■ **DATA BLOCK**
******************************
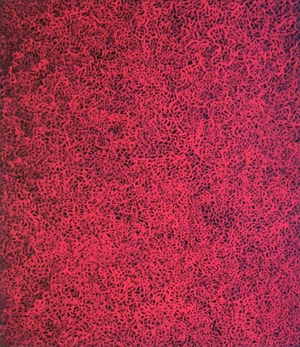 Yayoi Kusama - Rain in the Evening Glow
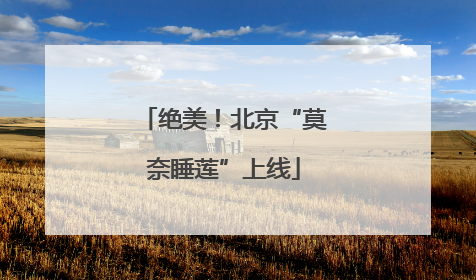 绝美！北京“莫奈睡莲”上线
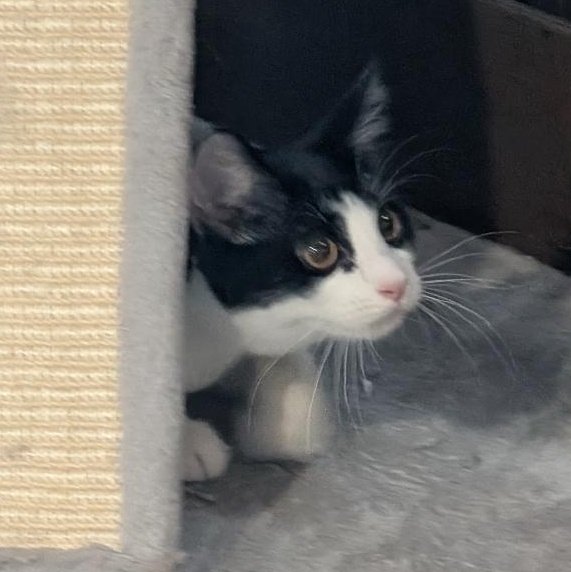 Enlarge Cheese Curl, a Adopted Domestic Short Hair in Reisterstown, MD image 1/5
******************************
■ **YOUR GOAL**
Skipping any images, write out all the data exactly.

■ **COMPLETED EXERCISE**
 Yayoi Kusama - Rain in the Evening Glow
 绝美！北京“莫奈睡莲”上线
 Enlarge Cheese Curl, a Adopted Domestic Short Hair in Reisterstown, MD image 1/5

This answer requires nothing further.